EmoMM: Benchmarking and Steering MLLM for Multimodal Emotion Recognition under Conflict and Missingness

arXiv cs.CV / 5/5/2026

📰 NewsIdeas & Deep AnalysisModels & Research

共有:

Key Points

The paper introduces EmoMM, a benchmark for Multimodal Emotion Recognition that explicitly includes modality-aligned, modality-conflict, and missing-modality subsets to study MLLM behavior in realistic conditions.
Extensive experiments reveal a “Video Contribution Collapse (VCC)” phenomenon in which MLLMs often downplay video evidence when token redundancy is high and modality preferences skew decisions.
To mitigate this without retraining, the authors propose CHASE (Conflict-aware Head-level Attention Steering), an inference-time, lightweight attention steering method that detects modality conflicts and reduces decision bias.
Results show CHASE improves performance across multiple settings, making MLLM-based emotion recognition more reliable in complex affective scenarios involving conflicts and missing inputs.

Abstract

Multimodal Emotion Recognition (MER) is critical for interpreting real-world interactions.

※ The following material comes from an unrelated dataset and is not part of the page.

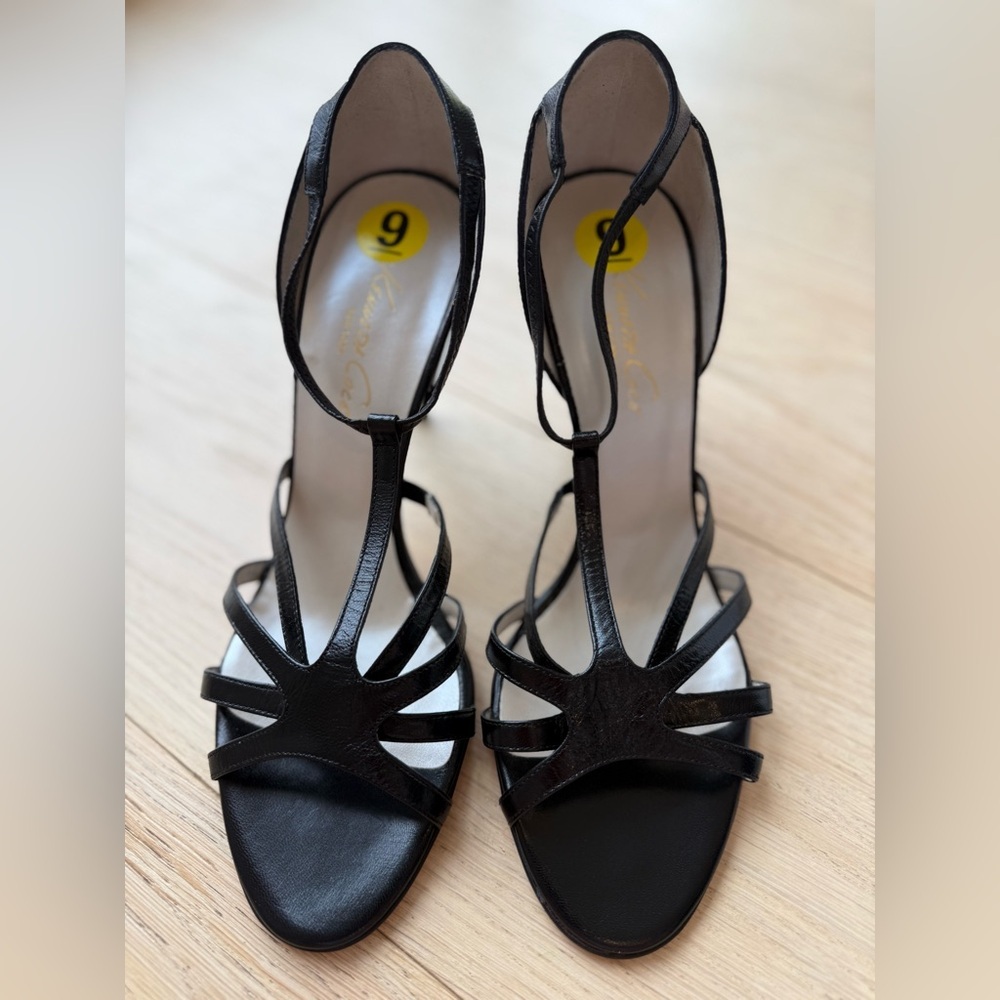 Vintage Kenneth Cole Leather Strappy Heels Black | Made in Italy | NWT | Size 9 - Picture 7 of 9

While Multimodal Large Language Models (MLLM) have shown promise in MER, their internal decision-making mechanisms under modality conflict and missingness remain largely underexplored. In this paper, to systematically investigate these behaviors, we introduce EmoMM, a comprehensive benchmark featuring modality-aligned, conflict, and missing subsets. Through extensive evaluation, we uncover a Video Contribution Collapse (VCC) phenomenon, where MLLM marginalize video evidence due to high token redundancy and modality preferences. To address this, we propose Conflict-aware Head-level Attention Steering (CHASE), a lightweight mechanism that detects modality conflicts and performs inference-time attention steering, effectively mitigating decision bias without retraining the backbone. Experimental results demonstrate that CHASE consistently improves performance across various settings, significantly enhancing the reliability of MLLM in complex affective scenarios.